Cannibalismo tra ritualità e necessità
Nonostante l’orrore che suscita oggi, il cannibalismo è esistito nella storia dell'umanità sotto diverse sfumature, da pratica rituale a strategia di sopravvivenza estrema. Alcune culture lo consideravano infatti un atto sacro, parte di cerimonie per onorare i defunti o per assimilare il coraggio e la forza dei nemici sconfitti. Tra le popolazioni che avrebbero praticato il cannibalismo rituale troviamo i Maori della Nuova Zelanda, per i quali mangiare i caduti in battaglia significava assorbire la loro "mana", ovvero la loro essenza spirituale e potere. Alcuni gruppi indigeni del Brasile, come i Tupinambá, praticavano il cannibalismo come atto di vendetta nei confronti dei nemici, mentre presso le tribù della Papua Nuova Guinea, come i Fore, il consumo rituale dei corpi dei defunti era un segno di rispetto e legame con gli antenati.

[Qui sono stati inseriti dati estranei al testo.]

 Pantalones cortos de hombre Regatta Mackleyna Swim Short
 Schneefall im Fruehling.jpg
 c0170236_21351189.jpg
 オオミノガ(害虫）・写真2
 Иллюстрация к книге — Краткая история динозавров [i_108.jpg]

Il cannibalismo non è stato però solo un fenomeno rituale, ma anche una strategia di sopravvivenza in situazioni estreme: dai marinai naufraghi alle popolazioni intrappolate sotto assedio, la disperazione ha spesso spinto gli esseri umani a infrangere il più grande tabù della nostra specie. In effetti, anche in Europa, durante periodi di carestia estrema, si verificarono episodi di antropofagia per pura sopravvivenza. Durante l’assedio di Leningrado (1941-1944), in cui la popolazione russa rimase intrappolata per quasi 900 giorni senza rifornimenti, si registrarono numerosi casi documentati di cannibalismo, con le autorità sovietiche che arrivarono a istituire pene severe per contrastarlo. La Grande Carestia in Irlanda (1845-1852), causata dalla diffusione della peronospora della patata, portò a condizioni di fame estrema, con racconti di persone disperate che si nutrivano dei corpi dei defunti. Anche nei primi insediamenti americani, come Jamestown nel 1609, i coloni, privi di cibo e assediati dalle difficoltà ambientali, ricorsero al cannibalismo.
Mangiare un appartenente alla propria specie
Il cannibalismo continua a essere, ancora oggi, un argomento di forte impatto culturale e antropologico. Se da un lato suscita ripugnanza, dall’altro affascina, e alimenta storie, film e romanzi. Che sia stato praticato per necessità o per rituali religiosi, è indubbio che si tratti di una realtà storica e antropologica che ha accompagnato l’umanità per secoli, lasciando un’ombra inquietante nella nostra memoria collettiva. Al di là dell'orrore che ispira, il cannibalismo sfida i confini della nostra identità come esseri umani. Per molte culture, il corpo non è solo carne, ma un simbolo di appartenenza, memoria e spiritualità. Consumare la carne di un proprio simile significherebbe allora superare il limite ultimo della nostra umanità.
In un certo senso, il cannibalismo non è solo una pratica alimentare estrema, ma una frattura simbolica nel modo in cui una società definisce l'umano. Mangiare un appartenente alla propria specie destabilizza le fondamenta della cultura, poiché rompe il confine tra chi appartiene alla comunità e chi è considerato "altro".